Ketika Menolong Dianggap Sebuah Pelanggaran

Tergelitik untuk menceritakan sebuah kisah dimana tolong menolong dianggap sesuatu yang melawan aturan di negeri ini. Kedengarannya memang aneh, tapi inilah realita yang tejadi.

Tiga tahun yang lalu tepatnya di deck dua kelas ekonomi kapal Pelni tujuan Bima-Makassar, saya bertemu dengan pasangan suami istri yang hendak beradu nasib ke Kalimantan Selatan. Perkenalan kami dimulai ketika saya meminta kepada mereka untuk membagikan air panas yang mereka simpan dalam botol air minum kemasan yang suaminya ambil di pantry kapal saat jam makan malam. Dengan ramah, istrinya menuangkan air panas secukupnya ke dalam mie instant cup yang saya punya. Dikarenakan persediaan mie cup yang dibawa dari rumah cukup banyak, saya pun menawarkan kepada mereka untuk mengambil beberapa mie tersebut untuk dimakan bersama-sama.

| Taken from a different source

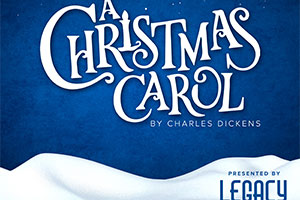 the words A Christmas Carol over a blue and white background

“Setidaknya bisa menetralisir bau amis ikan dalam box makan malam tadi” Tutur istrinya. Saya pun melempar senyuman tanda setuju akan hal itu. “Itulah sebabnya selama masa pelayaran, saya tidak pernah berselera untuk mencicipi makanan yang disediakan kapal. Takut muntah”. Balasku.

Sejak saat itu, saya mulai akrab dengan pasangan muda yang baru pertama kali keluar daerah ini. Dikarenakan tempat tidur kami bersebelahan, gampang bagi kami untuk saling bertukar makanan, bercerita bahkan keluar bersama sekedar menghirup udara segar di bagian luar deck kapal.

Singkat cerita, keesokan harinya kapal kami pun sandar di Pelabuhan Soekarno Hatta Makassar petang hari. Untuk menghindari berdesak-desakkan, saya memutuskan untuk turun terakhir saja. Terlihat buruh-buruh kuli panggul berdiri menawarkan jasa angkat barang pada setiap penumpang yang hendak turun. 

“Dek, di luar pelabuhan ada orang jual makanan? Kami ingin membeli nasi bungkus,  beberapa makanan kecil, dan obat  sebagai bekal perjalanan kami selanjutnya”

“Iya, Kak. Banyak. Emang jam berapa lagi kapal ini akan berlayar ke Kalimantan?” Tanyaku penasaran.

“Di tiket ditulis pukul 21.00 malam ini. Kalau begitu kita turun sama-sama saja sekalian saya bantu bawakan barangnya adek. Biar istriku jaga barang kami saja di atas kapal, berhubung dia lagi tidak enak badan juga”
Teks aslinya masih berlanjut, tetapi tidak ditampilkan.